Berry Liberman on Rachael Kohn
Religion and God are tricky topics for me. I understand community, tradition and ritual. Those are things that bond people together in tough times and can make the day-to-day feel special. I’m also aware that for most of the planet, religion and faith preside at the centre of all belief and belonging. For me, so much harm and violence has occurred in the name of God and faith that I find it hard to understand its purpose in modern life. Despite my personal, ideological struggles, or perhaps because of them, I am drawn to listen to ABC radio’s The Spirit of Things—a program hosted by the gentle and curious Dr Rachael Kohn.

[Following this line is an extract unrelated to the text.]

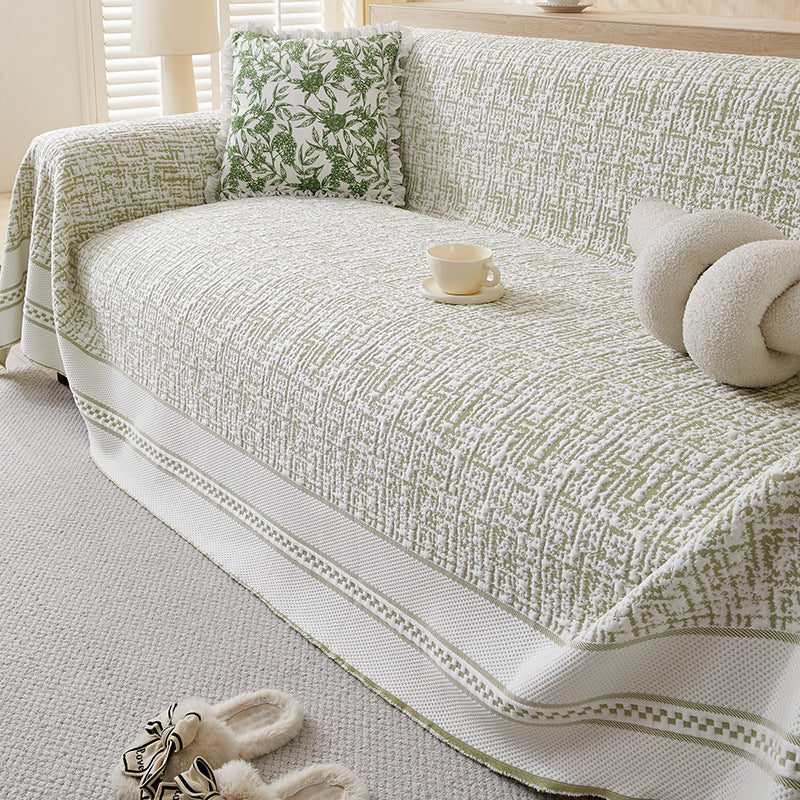 PETTENA Select 夏用冷感ソファカバー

If you were to pick the most perfect voice to speak on questions of spirituality, you would pick Rachael’s. Every Sunday she conducts her program, that melifluous voice floating into your car, your home and your consciousness, inviting a moment of repose. Rachael speaks with global spiritual leaders from all faiths, hunting for wisdom and eager to share it with the world. She speaks about religion in a way that invites a conversation.

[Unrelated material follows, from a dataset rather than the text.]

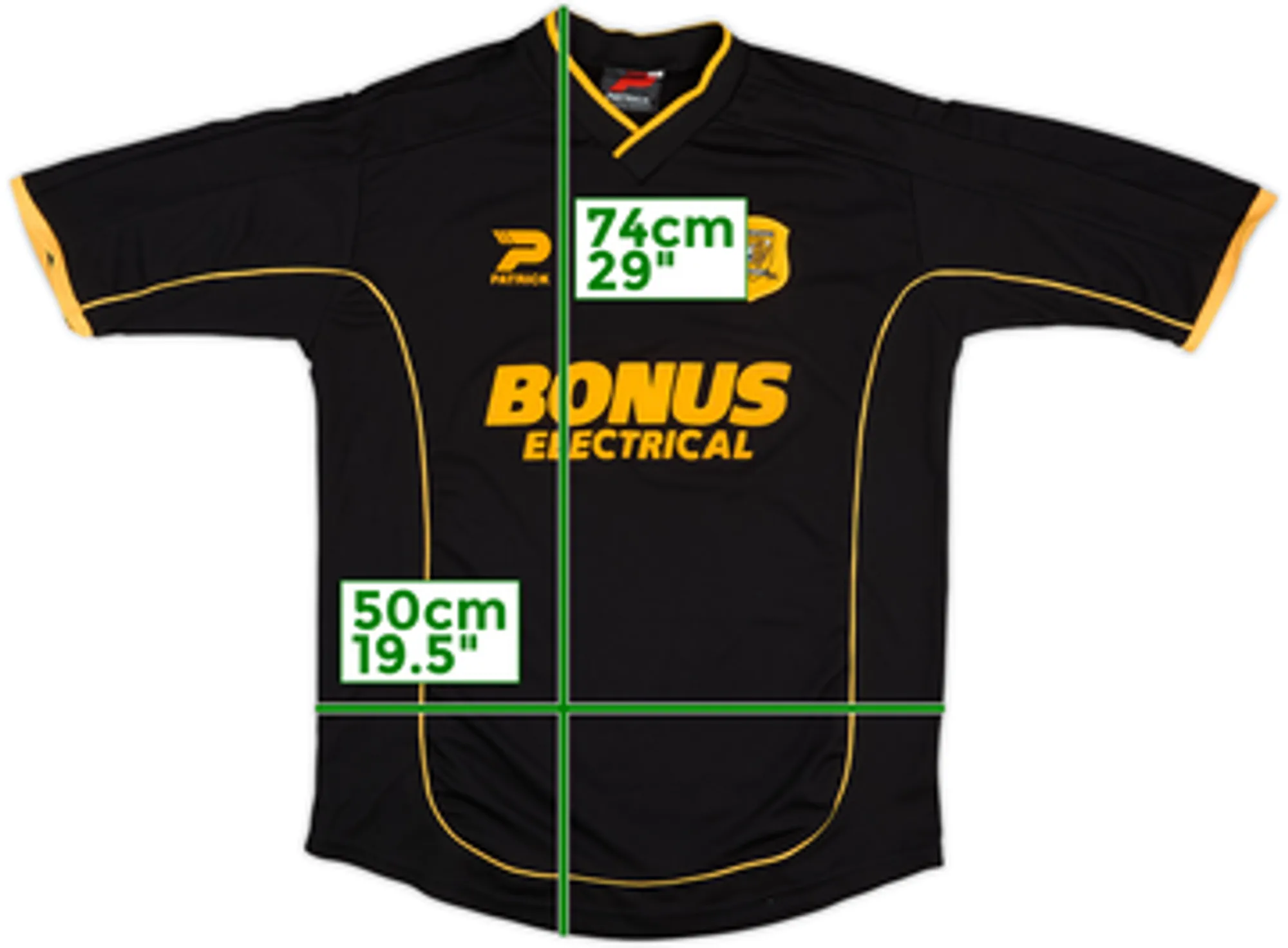 2003-04 Hull City Away Shirt - 9/10 - (S)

Born to Holocaust survivors in Canada in 1953, Rachael grew up asking the question, ‘Why?’. How did it happen that a whole world went mad and educated people turned against their neighbours? The 20th century was not a great one for the human race; much was discovered yet so much was destroyed. For Rachael, the things that drive us and that can lead us to act from our better nature can be found in the study of religion. Rather than focusing on our worst impulses, with regards to faith, she highlights the joy and wonder to be found in ancient texts.
Can a secular person think about religion? What I learn from Rachael is that religion and spirituality have been the predominant arenas in which meaningful exploration of life’s most challenging questions has been going on for a few thousand years. In them lies a richness that can nourish us all—if we care to look.